Z Algorithm

Input: some string s

Output: An array Z, where every Z[i] = length of the longest substring beginning at position i that matches with a prefix of the string.

Example:

T= A B A A B
Z= 0 0 1 2 0

Naive

// without dp
vector<int> get_z_array(const string &text)
{
    if (text.empty()) return vector<int>();

    vector<int> z_array;
    z_array.reserve(text.length());

    int cur_box_left, cur_box_right;
    int start = 0, z_count = 0;
    char start_char, end_char;

    z_array.push_back(z_count);
    for (int i = 1; i < text.length(); i++) {

        int i_temp = i;
        start_char = text[start];
        end_char = text[i_temp];
        while (start_char == end_char
               && i_temp < text.length()) {
            z_count++;
            start++;
            i_temp++;
            start_char = text[start];
            end_char = text[i_temp];
        }

        z_array.push_back(z_count);
        z_count = start = 0;
    }

    return z_array;
}

In the naive approach, we iterate through the string, and at every position of the original string i, we count the number of times that the current character, matches with the start of the string (++1 as we go). $O(n^2)$

Improved

int longest_sub(const string &text, int start_i, int end_i)
{
    int temp_itr = end_i;
    char start_char = text[start_i];
    char end_char = text[temp_itr];
    int z_count = 0;

    while (start_char == end_char
        && temp_itr < text.length()) {

        z_count++;
        start_i++;
        temp_itr++;

        start_char = text[start_i];
        end_char = text[temp_itr];
    }

    return z_count;
}

// with dp
vector<int> get_z_array_wdp(const string &text)
{
    vector<int> z_array;    
    z_array.reserve(text.length());

    bool dp_next_turn = false;
    z_array.push_back(0);

    for (int i = 1; i < text.length(); i++) {
        if (dp_next_turn) {
            int prev_z_i = *(z_array.end() - 1);

            int z_box_left = i - 1;
            int z_box_right = z_box_left + prev_z_i - 1;

            int z_box_left_ref = 1;
            int z_box_right_ref = prev_z_i - 1;

            int amount_overlap = z_box_left - z_box_right_ref;
            if (amount_overlap < 0) { // there is overlap
                z_box_right -= abs(amount_overlap);
            }

            int j = i;
            for (; j < z_box_right && j < text.length(); j++) {

                int left_z_score_cpy = z_array[z_box_left_ref++];
                if (left_z_score_cpy + j > z_box_right) {
                    // start new comparisons after bound
                    int z_count = longest_sub(text, left_z_score_cpy, j + left_z_score_cpy);
                    z_array.push_back(z_count + left_z_score_cpy);
                }
                else {
                    z_array.push_back(left_z_score_cpy);
                }
            }

            i = j - 1;
            dp_next_turn = false;
        }

        else {
            int z_count = longest_sub(text, 0, i);

            if (z_count > 1) dp_next_turn = true;
            else dp_next_turn = false;

            z_array.push_back(z_count);
        }
    }

    return z_array;
}

int main(int argc, char** argv)
{
    const string test = "aabxaabxcaabxaabxay";
    print(get_z_array_wdp(test));

    const string test2 = "abababbabababc";
    print(get_z_array_wdp(test2));
}

With dynamic programming, the key idea to reduce the algorithm to linear time is to reference previously calculated z-values. The algorithm begins the same way as before. There is a single iteration through the main string, and at every i the z score becomes calculated. If the z score is 1, we can immediately move on to the next character. Otherwise, if the count is greater than 1, we initiate dp then on the next run by initiating a Boolean flag.

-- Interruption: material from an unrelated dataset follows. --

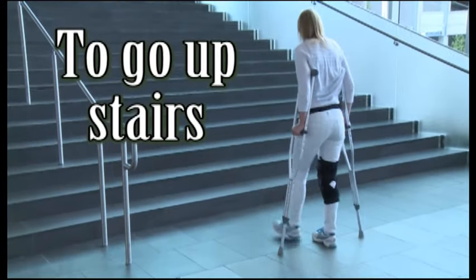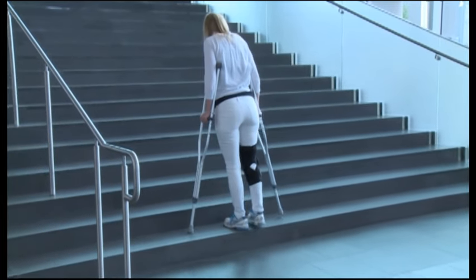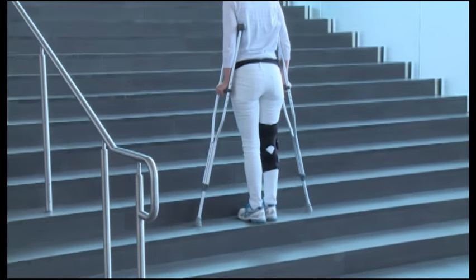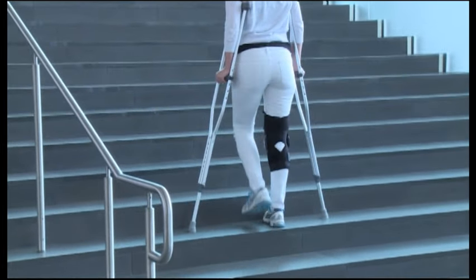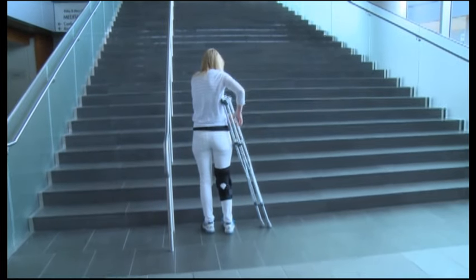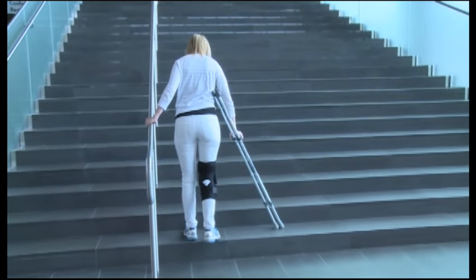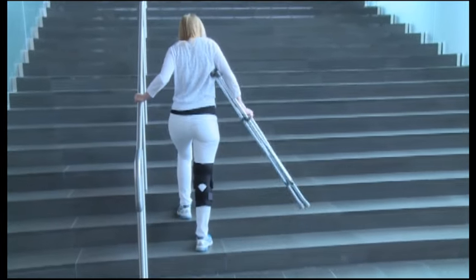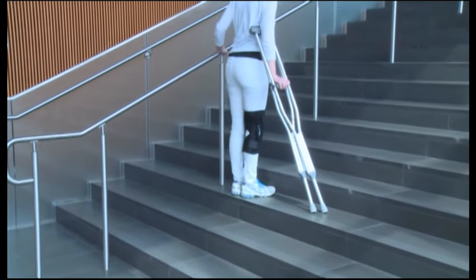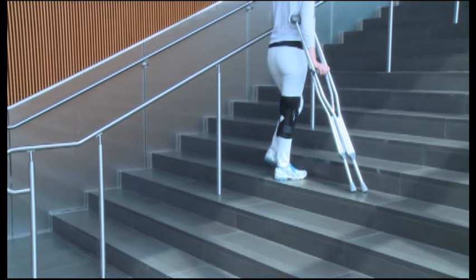To go upstairs, begin close to the bottom step. Step up with your healthy leg first, then lift up the crutches, then the injured leg. Check your balance before you continue. If there is a sturdy handrail available, you can place both crutches under one arm and use the handrail with the other. Remember, step up with the good foot first and then the crutches, and lastly the injured foot or leg follows.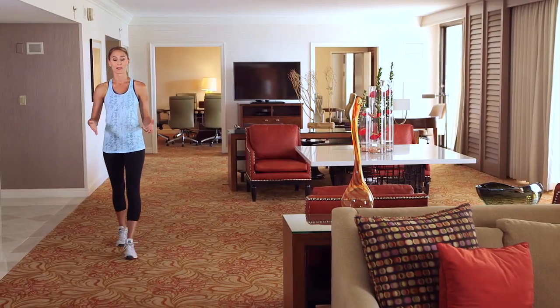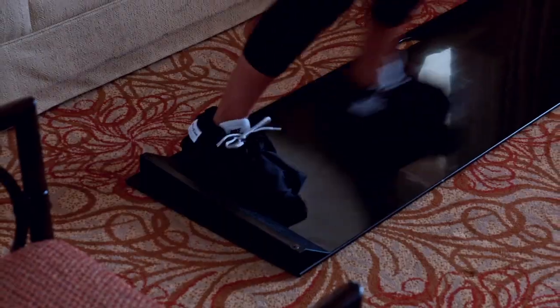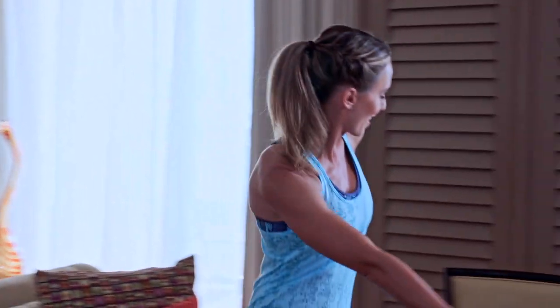We think adding a slide board to your tennis-specific home gym is a great idea. Slide boards have a long, slick surface that allows you to slide back and forth with booties on, while the blocks at the end allow you to push off and stop.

With dp, we reference the previous z scores to determine the one that follows next (rather than recalculating it). Even though there is a second loop, the progress is still linear because i is set back to where j made progress (j - 1). The caveat we have to check for is if z score we are referencing plus the current index exceeds the right bound of the z box, then we'd have to perform additional calculations to find the final z score. This means that the z score we are referencing is guaranteed to be the lower bound for this z score we want, but the moment it exceeds the right bound of the z box, then it could potentially mean that the first character after the bound can additionally match, so we have to check for that. We begin, however, at the distance from the string that is the minimum z score (lower bound). So again, the progress is still linear. Otherwise, if there is no complication, we can simply use the corresponding the z score.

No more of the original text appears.